Note: as of January 2021, this pattern is theoretically sound, but seems to have ongoing performance or correctness issues in the compiler. Specialization combined with recursive trait bounds will occassionally cause the compiler to stack overflow — see my Github issue.

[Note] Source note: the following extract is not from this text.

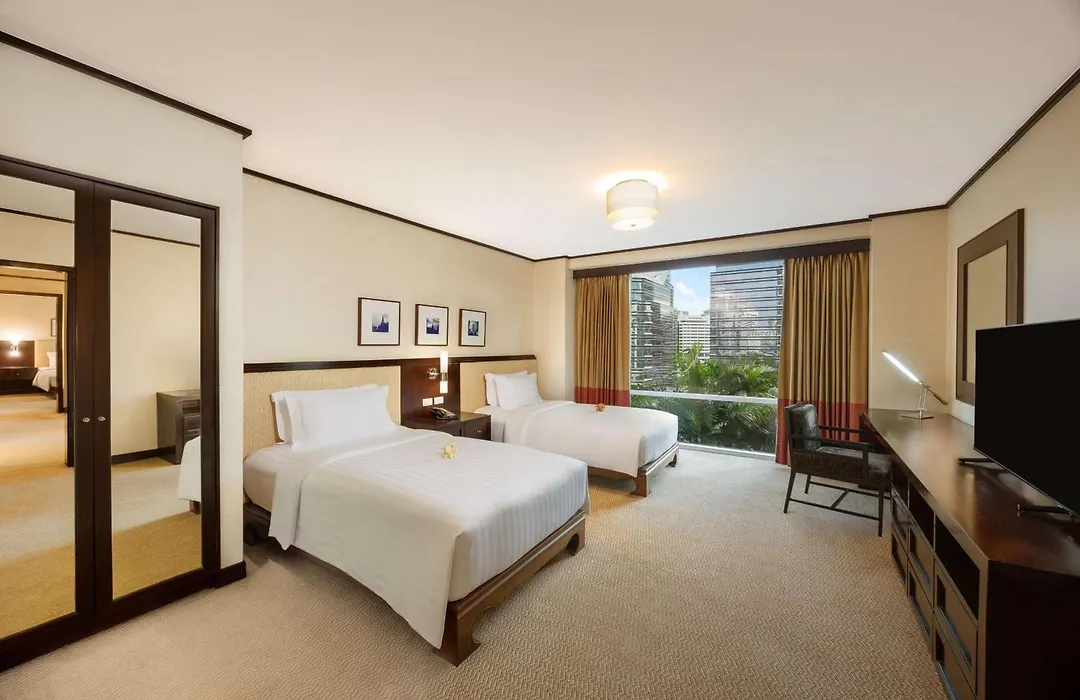 Conrad Bangkok Residences-1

Dynamically-kinded type-level programming

To add support for higher-order type functions, I had to remove support for type annotations (actually kind annotations) from Tyrade. Previously, you could write functions like this:

tyrade! {
  fn TIsZero(N: TNum) -> TBool {
    match N {
      Z => TTrue,
      S(N1 @ TNum) => TFalse
    }
  }
}

This program would compile into the trait definition:

trait ComputeTIsZero: TNum {
  type Output: TBool;
}

This ensures, for example, that a function’s return value matches its return kind. If you wrote a function with a mismatch:

tyrade! {
  fn TIsZero(N: TNum) -> TBool {
    Z
  }
}

Then the compiler raises an error at the point of definition for TIsZero rather than the point of use. Hence, this language is statically-kinded. However, to kind-check a higher-order function like Map, we need a polymorphic kind system. Ideally, we could write in Tyrade:

tyrade! {
  fn Map<A, B>(L: List<A>, F: A -> B) -> List<B> {
    ...
  }
}

I don’t believe it’s possible to encode this concept into Rust’s trait system. So to add higher-order functions, our type-level programming language had to become dynamically-kinded. A sad trade-off, but perhaps more acceptable for type-level programming than value-level. Although errors are caught by the users and not the definers, at least they’re still caught at compile-time!